Complex Event Processing

NebulaStreamCEP presents the experimental Complex Event Processing (CEP) feature of NebulaStream and enables users to detect specified patterns in event streams. It extends NebulaStream’s operator set with CEP-specific operators, i.e., conjunction, sequence, disjunction, and times. In the remainder, Figure 1 is used to support the explanation of these operators. Furthermore, the stream processing operators and especially the mandatory window operator can be used to specify patterns.

💡 For accurate pattern detection, the sliding window operator with a slide size equivalent to the ingestion rate of the most frequent stream as well as event time needs to be applied to the pattern. Other window types and slide sizes can be applied but may lead to the loss of matches.

Figure 1: CEP Example with Window
Figure 1: CEP Example with Window

Conjunction

💡 Currently, it is not possible to create multi-conjunction or multi-sequence patterns.

The conjunction operator is a binary operator that expects a record (event) from stream1 and a record from stream2 to occur within a window, regardless of their temporal order. In the following, we apply the conjunction operator andWith to two logical streams. The output schema contains the attributes of both schemas with a prefix that identifies the origin stream.

Query::from("stream1")
.andWith(Query::from("stream2"))
.window(SlidingWindow::of(EventTime(Attribute("timestamp")),Minutes(5),Minutes(1)));
currently not supported

For the conjunction pattern above, the highlighted window of Figure 1 returns three matches, i.e., each record of stream2 combined with the record of stream1.

Sequence

The sequence operator is a binary operator that expects a record from stream1 and a record from stream2 to occur within a window.
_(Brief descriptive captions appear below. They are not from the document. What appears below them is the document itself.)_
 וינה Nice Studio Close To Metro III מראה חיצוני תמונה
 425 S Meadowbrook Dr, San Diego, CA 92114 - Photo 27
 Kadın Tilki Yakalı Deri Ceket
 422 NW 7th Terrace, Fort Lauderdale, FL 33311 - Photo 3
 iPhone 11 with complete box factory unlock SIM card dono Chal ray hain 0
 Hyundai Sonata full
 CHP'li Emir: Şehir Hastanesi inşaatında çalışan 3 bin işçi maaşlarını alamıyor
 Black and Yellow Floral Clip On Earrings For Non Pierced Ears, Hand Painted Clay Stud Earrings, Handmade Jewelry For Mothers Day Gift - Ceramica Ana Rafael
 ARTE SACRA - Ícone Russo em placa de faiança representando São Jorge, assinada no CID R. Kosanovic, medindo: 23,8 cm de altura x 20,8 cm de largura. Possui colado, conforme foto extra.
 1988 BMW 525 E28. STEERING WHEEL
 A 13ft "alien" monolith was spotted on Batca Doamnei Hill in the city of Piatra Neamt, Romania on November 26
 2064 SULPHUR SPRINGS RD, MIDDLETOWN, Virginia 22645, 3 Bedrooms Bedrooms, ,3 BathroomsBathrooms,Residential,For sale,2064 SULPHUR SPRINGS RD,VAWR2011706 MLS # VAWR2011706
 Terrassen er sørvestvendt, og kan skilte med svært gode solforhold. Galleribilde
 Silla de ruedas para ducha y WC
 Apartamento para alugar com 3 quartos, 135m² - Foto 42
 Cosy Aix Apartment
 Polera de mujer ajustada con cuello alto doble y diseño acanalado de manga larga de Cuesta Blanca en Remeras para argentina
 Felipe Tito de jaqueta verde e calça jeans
In contrast to the conjunction operator, the sequence operator is a temporal operator that requires the records to occur in the specified temporal order, i.e., the timestamp of record from stream1 is smaller than the timestamp of the record from stream2. In the following, we apply the sequence operator seqWith to two logical streams. The output schema contains the attributes of both schemas with a prefix that identifies the origin stream.

Query::from("stream1")
.seqWith(Query::from("stream2"))
.window(SlidingWindow::of(EventTime(Attribute("timestamp")),Minutes(5),Minutes(1)));
currently not supported

For the sequence pattern above, the highlighted window of Figure 1 returns two matches, i.e., the record of stream1 composed with each of the two subsequent records of stream2.

Disjunction

💡 Currently, it is not possible to apply a window operator to the disjunction pattern.

The disjunction operator is a binary operator that expects either a record from stream1 or a record from stream2 to occur within a window, regardless of any temporal order. Furthermore, the schema of both data streams has to be union compatible. If necessary, we can use projections to make the streams union compatible. In the following, we apply the disjunction operator orWith to two logical streams.

Query::from("stream1")
.orWith(Query::from("stream3"))
.window(SlidingWindow::of(EventTime(Attribute("timestamp")),Minutes(5),Minutes(1)));
currently not supported

For the disjunction pattern above, the highlighted window of Figure 1 returns the record of stream1 as a match.

Times

The times operator, also called iteration operator in CEP engines, is a unary operator that allows for the occurrence of multiple records of a stream in a sequence. In particular, NebulaStreamCEP allows for the following variants:

  • .times() The variant handles an unlimited amount of event occurrences but at least one record per window.

  • .times(n) This variant enables the specification of patterns that detect event sequences of n record in a window, where n > 0.

  • .times(n,m) This variant enables the specification of patterns that detect event sequences of n to m records in a window. (n,m > 0)

    • 💡 Note:
      • if n = 0, the result is equivalent to .times(n)
      • if m = 0, the result is an unbounded variant of the times operator that expects at least n occurrences of the specified event.

In the following, we apply variant .times(n,m) to a logical stream.

Query::from("stream2")
.times(3,10)
.window(SlidingWindow::of(EventTime(Attribute("timestamp")),Minutes(5),Minutes(1)));
currently not supported

For the iteration pattern above, the highlighted window of Figure 1 returns one matches, i.e., a record of count 3.

Not

💡 Not yet supported

Selection and Consumption Policies

NebulaStreamCEP supports the selection policy skip-till-any-match and the consumption policy non-consuming. The support of more restrictive policies is planned.